Bert called me into work early one day in 1974. Coming into the store, tying my tie as I walk over to the time clock, I saw Bert talking with Ed. He was one of the two brothers who owned the chain of stores. They called me over and told me I need to take a lie detector test. I was shell-shocked and didn’t have time to object before we were in the office where a stranger sat by a machine. They had me to sit down and the man, whom I’d never seen, explained how the machine worked and said he’d ask me questions. I immediately begin to recall eating a few bananas or grapes that were never paid for while moping the store at night.
Bert and Ed left the room. The man put clips on my shaking fingers, much like oxygen sensors used in a doctor’s office. A cuff, like one used for blood pressure, was applied to one of my arms. He started off with a bunch of easy questions, most of them personal, like name and age and hobbies and such. Then came the big one.
“Have you ever stolen anything from the store?”
Knowing my goose was cooked, I admitted eating a few grapes and a banana or two while there late at night mopping. I tried to rationalize saying there was no one to pay and pointed out that other times I weighed the fruit and left the money on a cash register. The man asked more questions about stealing money or about taking things out of the store. Finally, he got to cigarettes and spent some time asking if I or if I knew of anyone who’d stole cigarettes. My answers were honest. I knew of no one who’d stolen money or merchandise.

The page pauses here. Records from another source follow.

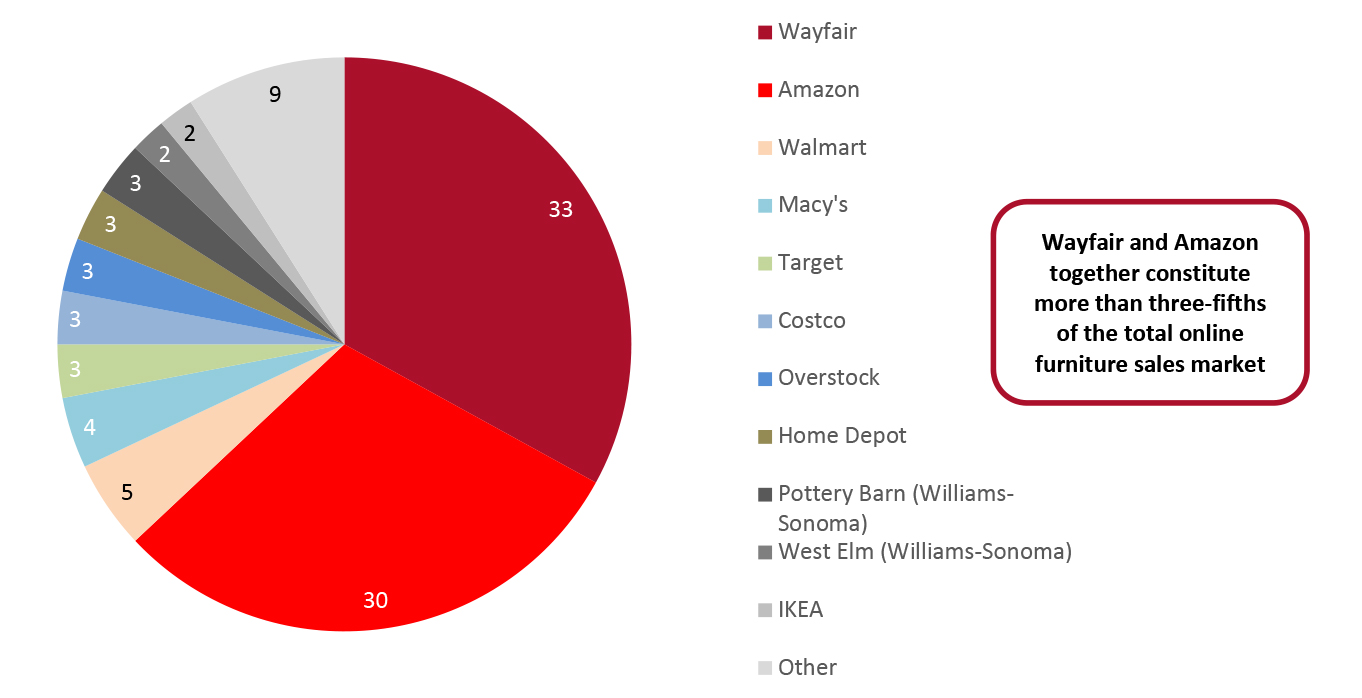 Market Share of Leading US Online Furniture Retailers in 2019 (%)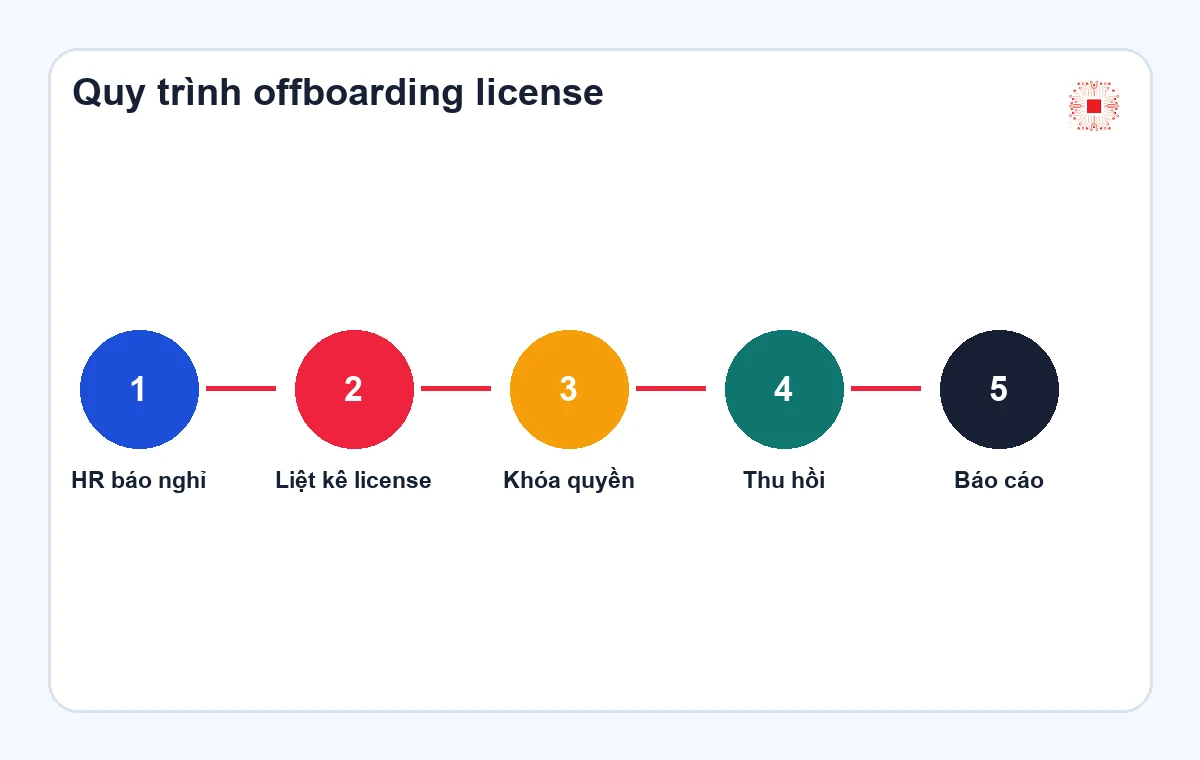Quy trình thu hồi license khi nhân viên nghỉ việc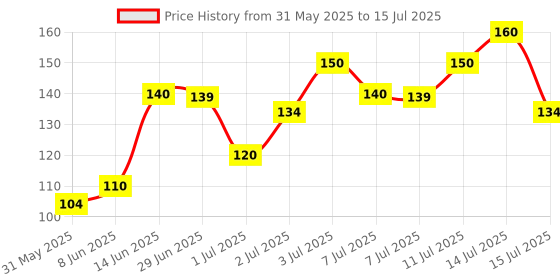 myntra.com Blue Heaven Set of 2 Intense Matte Moisturising Lipstick 4 g each - Chocolate Swirl blue heaven Price History Graph from 31 May 2025 to 15 Jul 2025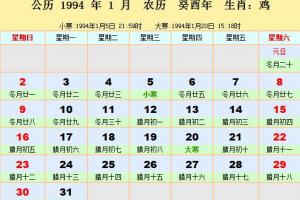 1994年农历阳历表对照1994年日历农历阳历表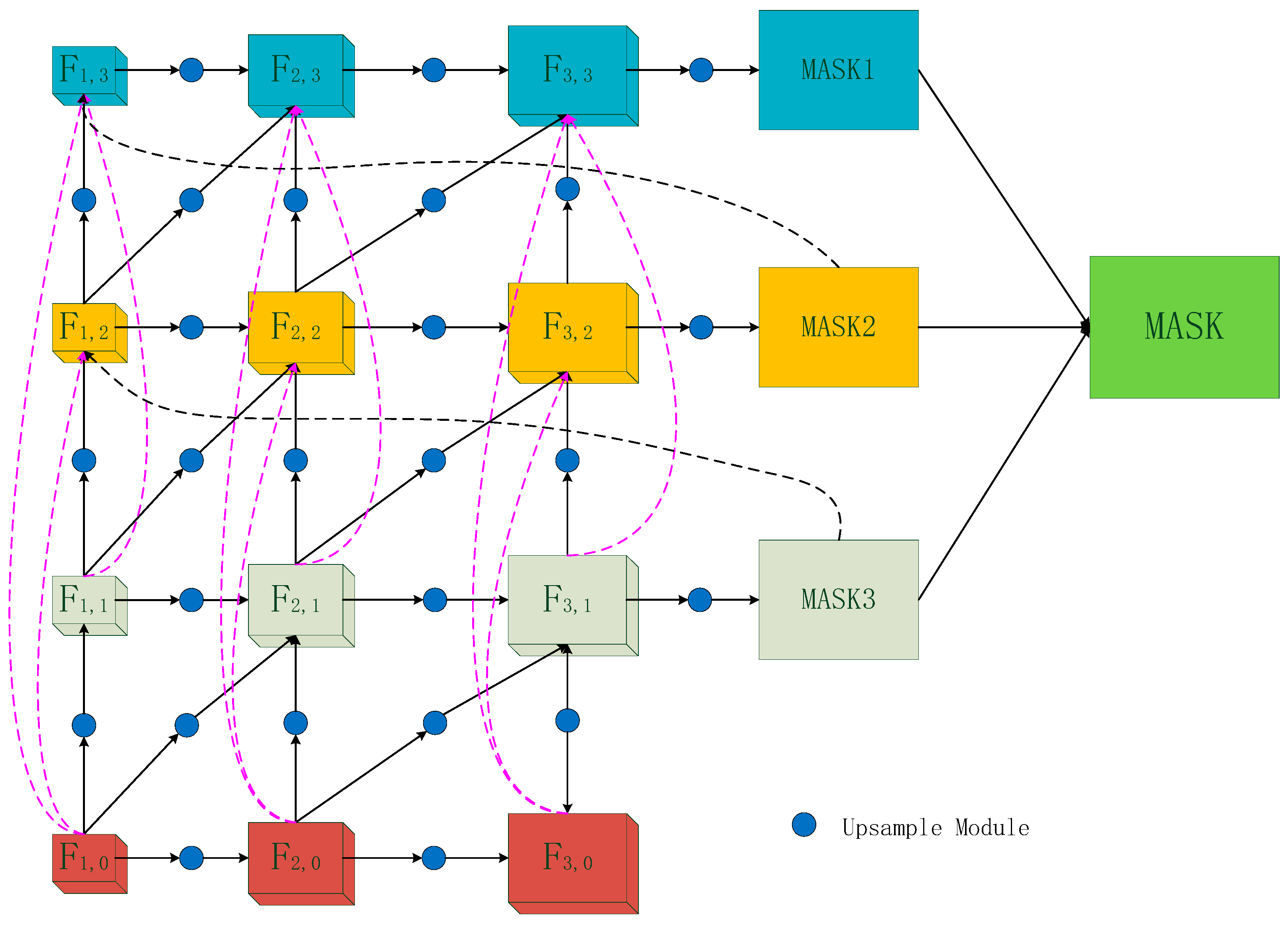 Information 13 00147 g004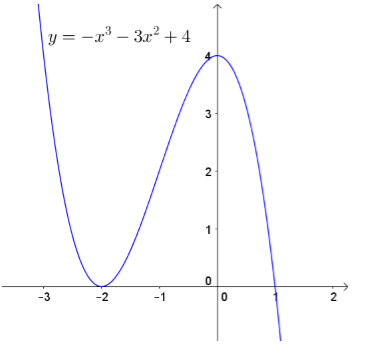 Cho hàm số y =  - x3 - 3x2 + 4 có đồ thị left( C right) là hình vẽ dưới đây. Với hình ảnh
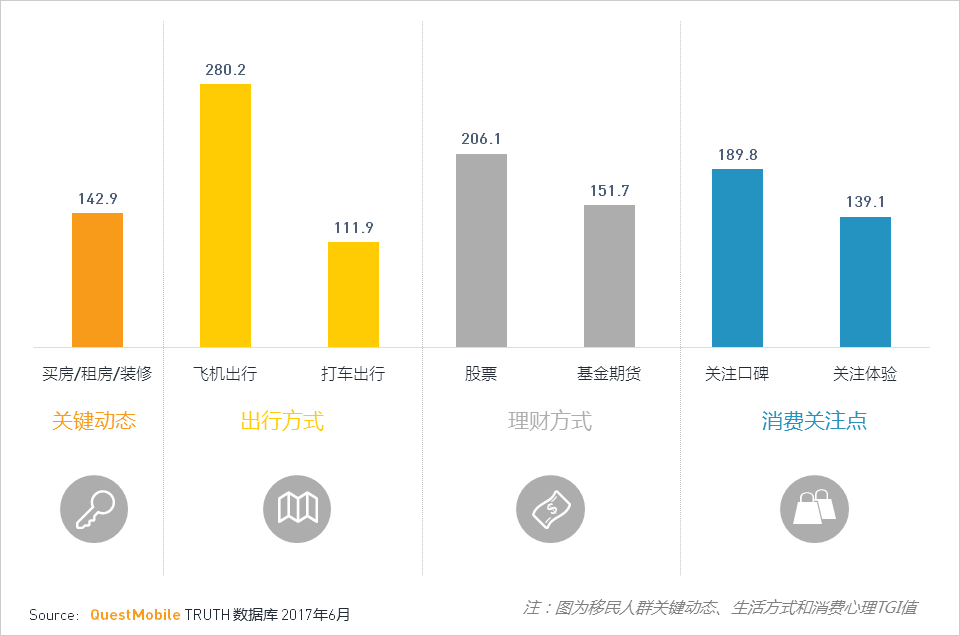 移动互联网2017Q2深度报告超级APP或跨平台流量全面崛起制霸者属谁？(图29)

I was sweating like a pig when he finally finished. Thinking I was in trouble for my petty thief, I asked him how I did. “I’ll make a report, but I don’t think you have anything to worry about,” he said. “But what about the bananas and grapes?” “Don’t worry,” he said laughing. “That’s not what this is about.”
That night, while closing, Bert called me aside to tell me what this had been about.
In one of the other stores, they’d discovered a regular criminal ring. Another high school student, like me, who handled the tobacco products was stealing them blind. He would order more cases than needed. As this was back before barcode scanners, the only way to know how much product one sold was by how many items were missing from the shelves. According to Bert, the guy stashed the extra cases behind a dumpster. At night, when no one was looking, he’d stash the cases in his car. He’d been stealing five or so cases a week. Each case held 30 cartons. He sold the cases to someone who took the cases up north, where cigarette taxes were higher, to resale on the black market.
When the Wilson brothers discovered the ring, they brought in a lie detector detective. All all key employees (those who handled lots of money such as the managers, the cashier supervisors, as well as those who handled tobacco products) take a lie detector test. Even Bert and John had to take the test. I had no idea whether it was legal. but I was glad to have survived and to know that I wasn’t going to be fired for being the great grape thief.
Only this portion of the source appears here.